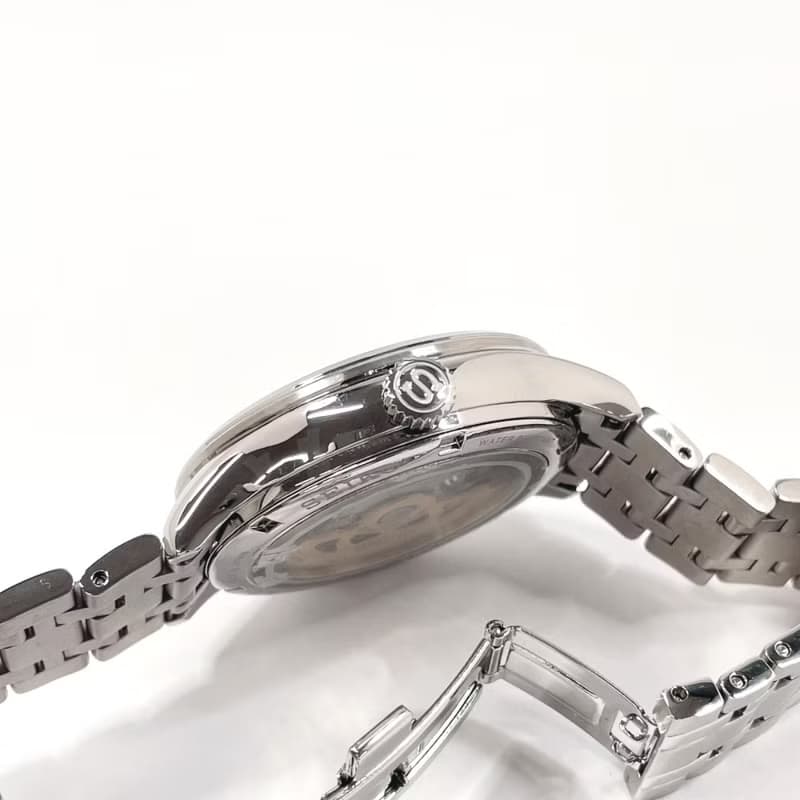 【日本直送 中古美品】セイコー SEIKO 腕時計 4R39-00W0 プレザージュ ジャパニーズガーデン ステンレススチール シルバー 自動巻き メンズ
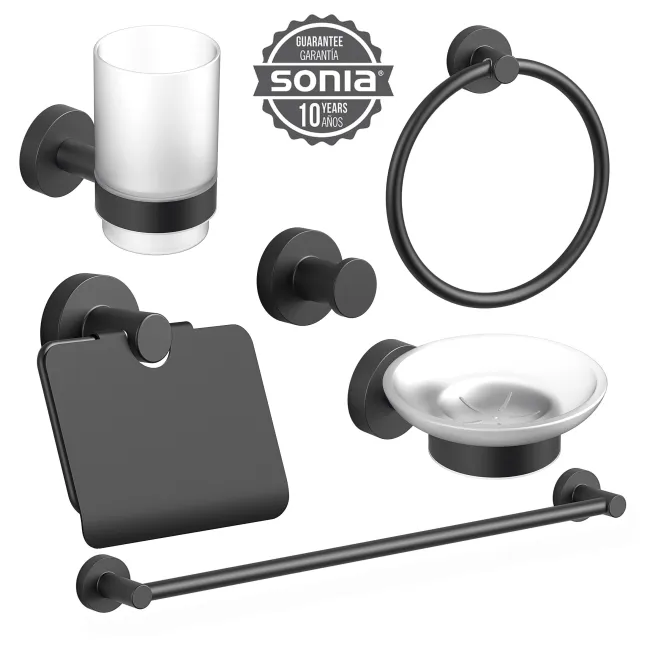 Набір аксесуарів для ванної SONIA ASTRAL KIT BLACK ( 6 предметів) 185214 Набір аксесуарів для ванної SONIA ASTRAL KIT BLACK ( 6 предметів) 185214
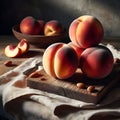 Sweet Harmony: Three Peaches Stacked in Delicate Balance. Royalty Free Stock Photo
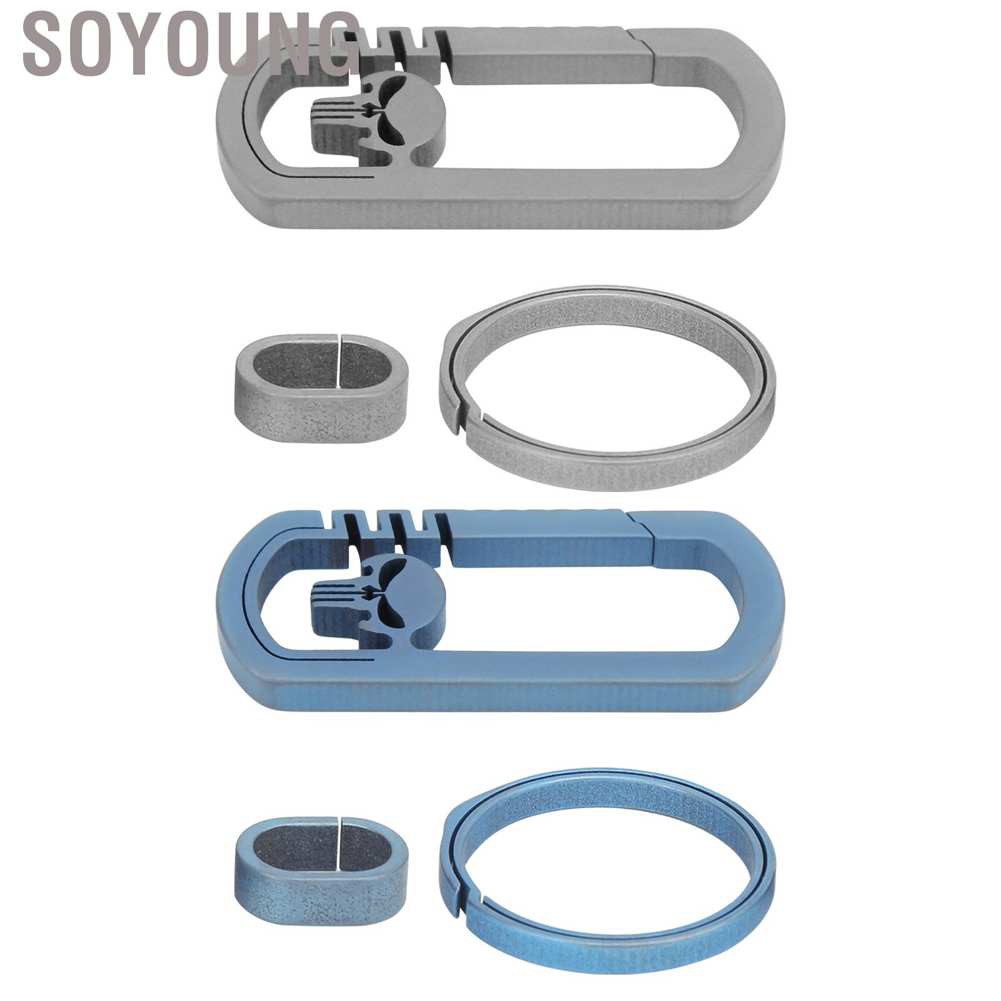 Soyoung Titanium Alloy Keychain Men's Waist Belt Buckle Outdoor Carabiner Hanging Key Ring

### WHAT YOU ARE ASKED TO DO
The listing must be returned in full and exactly, apart from its pictures.

### RESULT OF THIS TASK
 【日本直送 中古美品】セイコー SEIKO 腕時計 4R39-00W0 プレザージュ ジャパニーズガーデン ステンレススチール シルバー 自動巻き メンズ
 Набір аксесуарів для ванної SONIA ASTRAL KIT BLACK ( 6 предметів) 185214 Набір аксесуарів для ванної SONIA ASTRAL KIT BLACK ( 6 предметів) 185214
 Sweet Harmony: Three Peaches Stacked in Delicate Balance. Royalty Free Stock Photo
 Soyoung Titanium Alloy Keychain Men's Waist Belt Buckle Outdoor Carabiner Hanging Key Ring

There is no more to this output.